→ **Task to complete**: The required output is the run of lines from the one holding "グランフォース町屋 | 間取りです。" through the final line of the listing, restated word for word, with no pictures.

==================================================

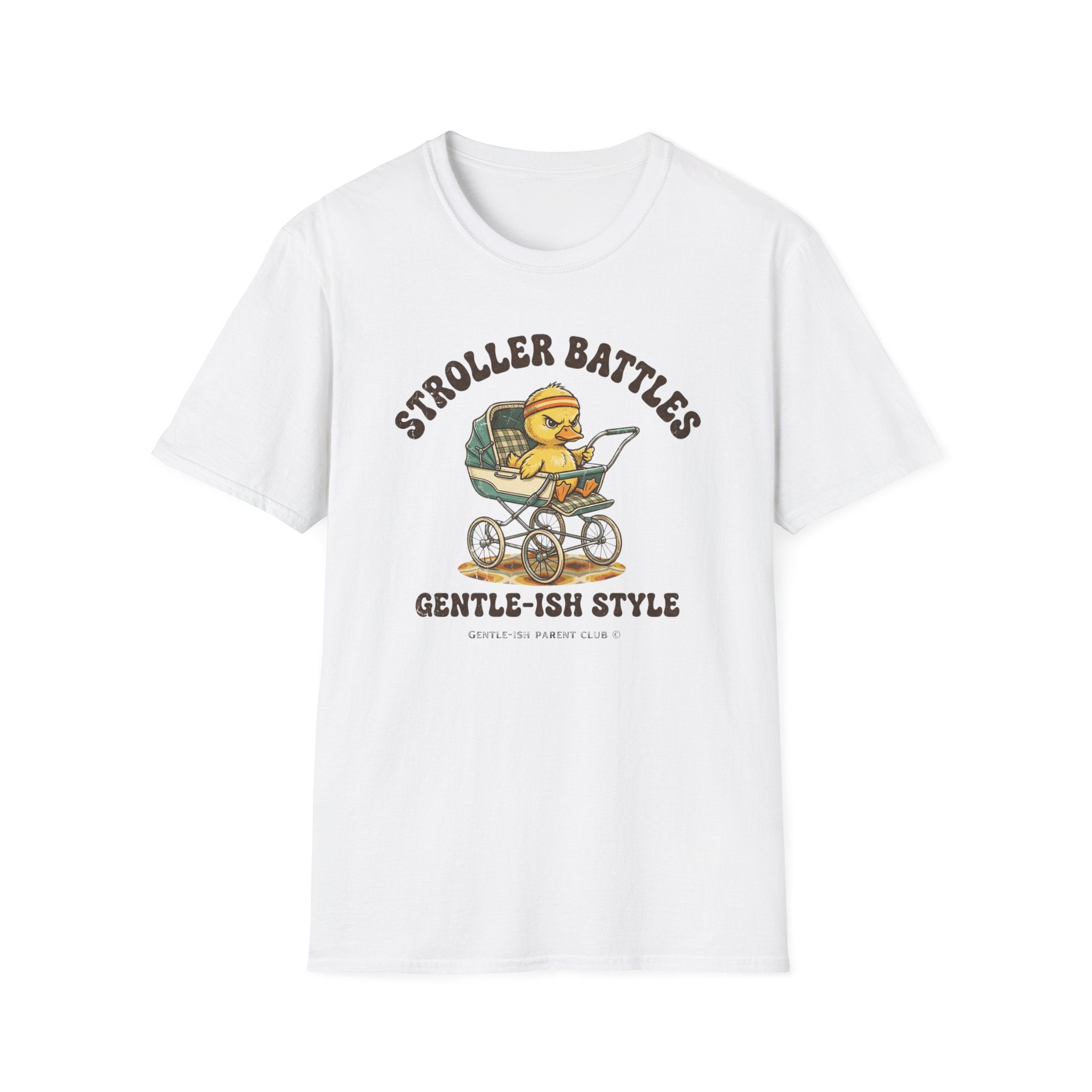 Stroller Battles Gentle-ish Style T-Shirt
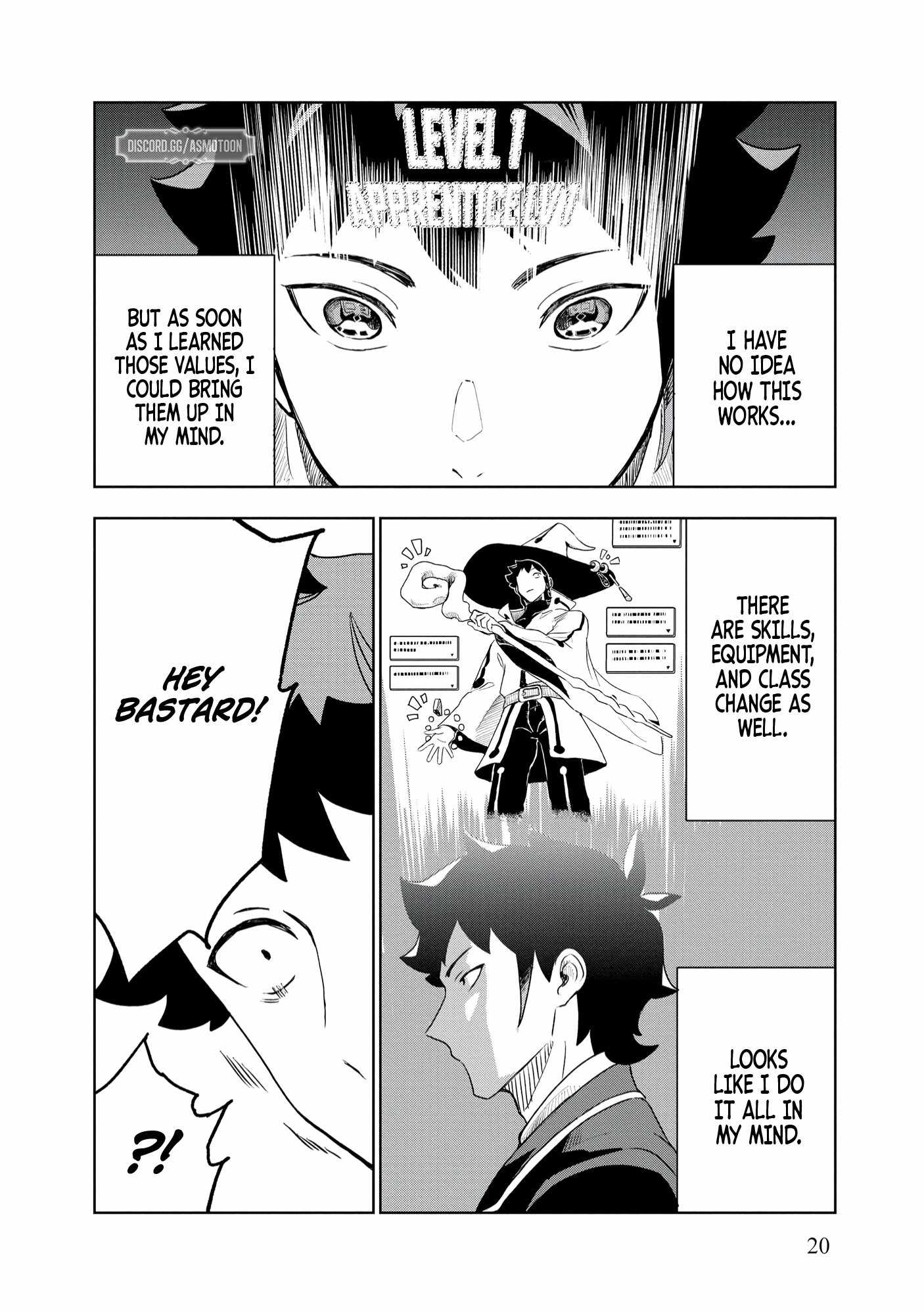 I was Transmigrated as the Bottom-Tier of the Dungeon Academy, but I have a Strategy Guide for Some Reason Chapter 1 page 22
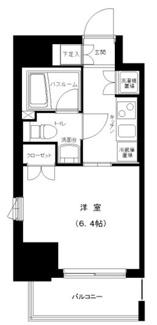 【間取り】 | グランフォース町屋 | 間取りです。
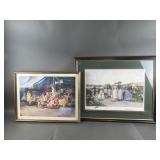 Vintage Framed Prints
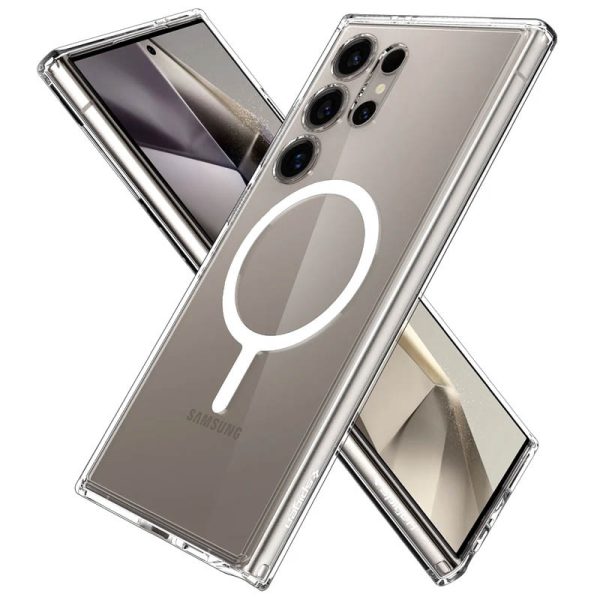 Чохол для Samsung Galaxy S25 Ultra Прозорий SGP Ultra Hybrid (MagFit) - Зображення 2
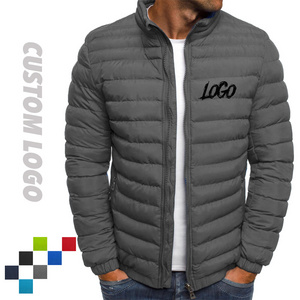 New Fashion Customize Winter Thick Long Hooded Quilt Casual Puffer Hiking Down Jackets for Men's down Coats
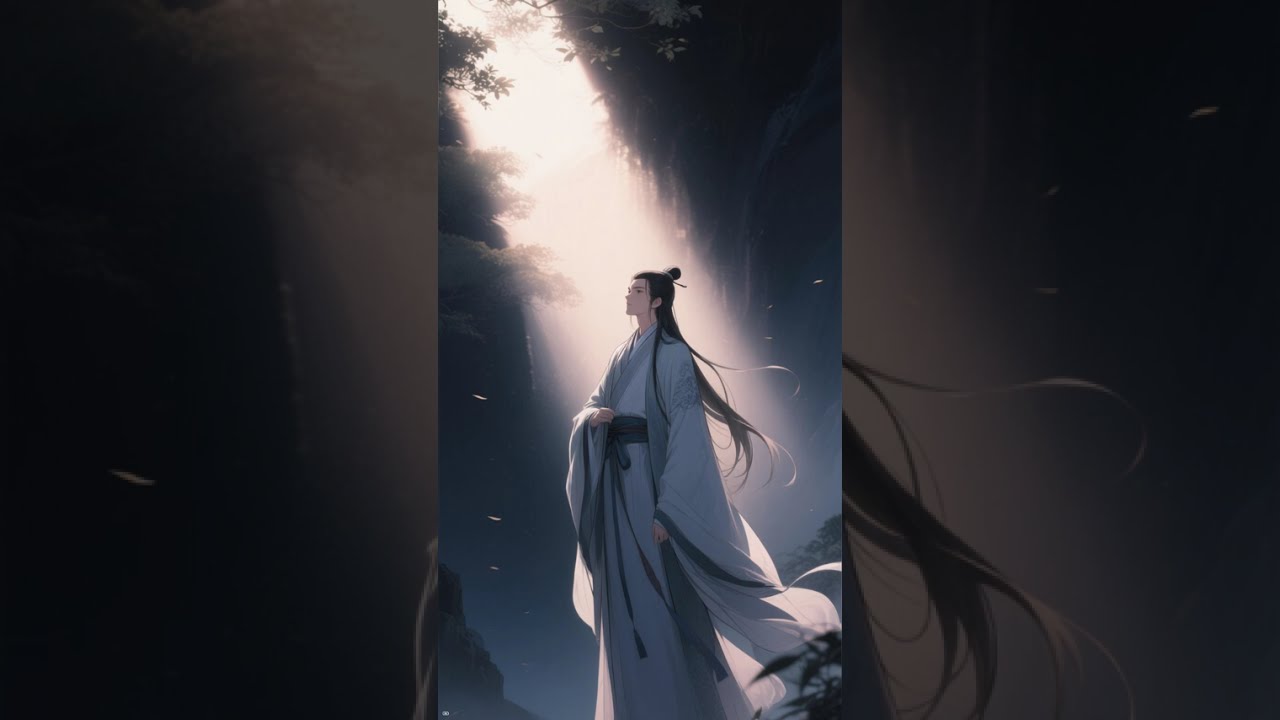 Even Silence Sings 🌙 Moonlight rests on stillness, and in the quiet, the music begins to play 🧘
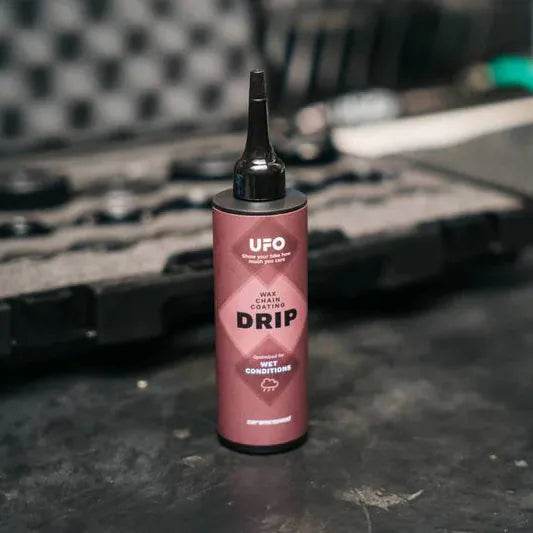 Ceramicspeed UFO Drip Wet Conditions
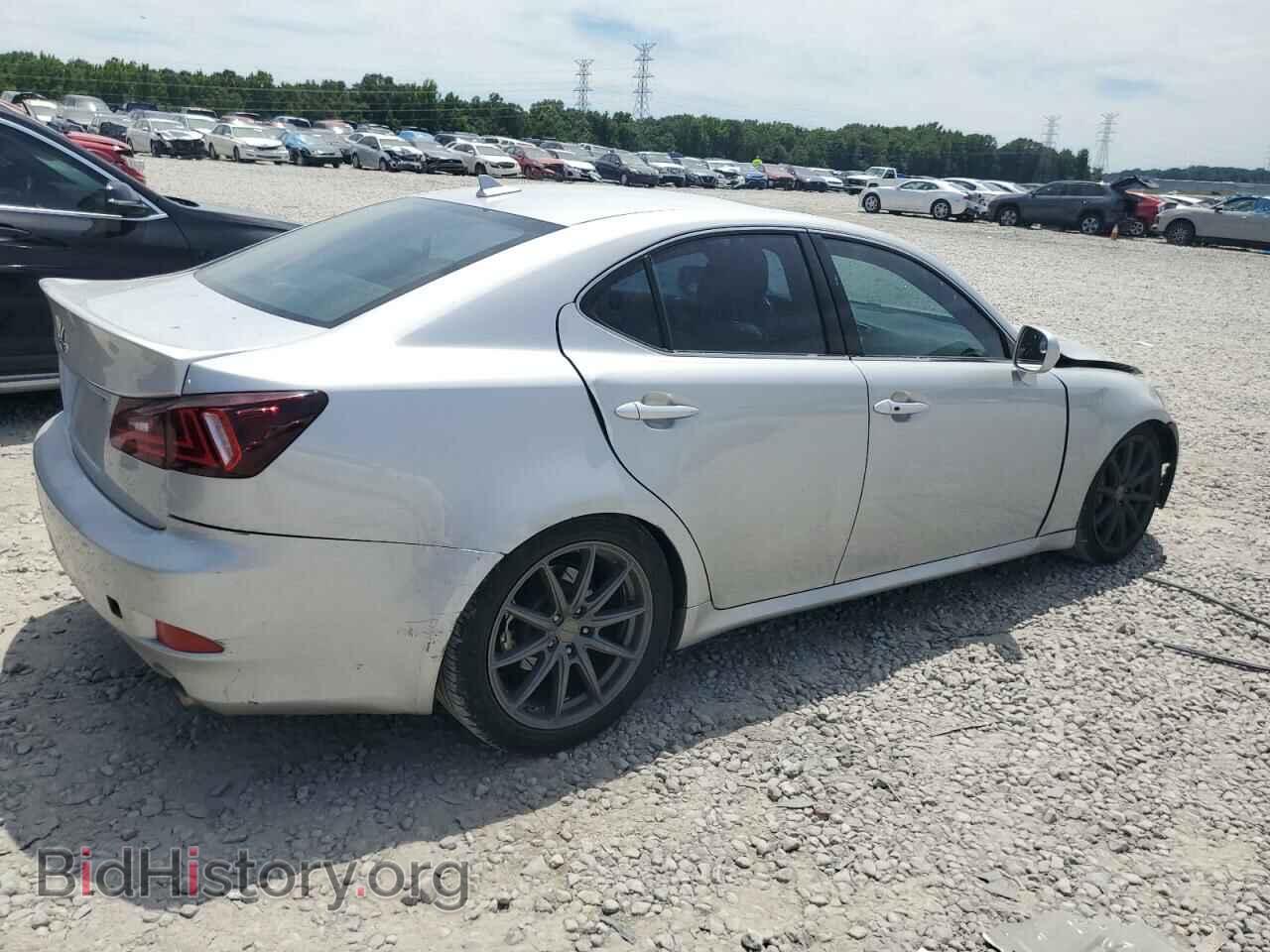 2007 LEXUS IS - VIN: JTHBK262575040156 - Фото 3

==================================================

→ **Reply to the task**:
 【間取り】 | グランフォース町屋 | 間取りです。
 Vintage Framed Prints
 Чохол для Samsung Galaxy S25 Ultra Прозорий SGP Ultra Hybrid (MagFit) - Зображення 2
 New Fashion Customize Winter Thick Long Hooded Quilt Casual Puffer Hiking Down Jackets for Men's down Coats
 Even Silence Sings 🌙 Moonlight rests on stillness, and in the quiet, the music begins to play 🧘
 Ceramicspeed UFO Drip Wet Conditions
 2007 LEXUS IS - VIN: JTHBK262575040156 - Фото 3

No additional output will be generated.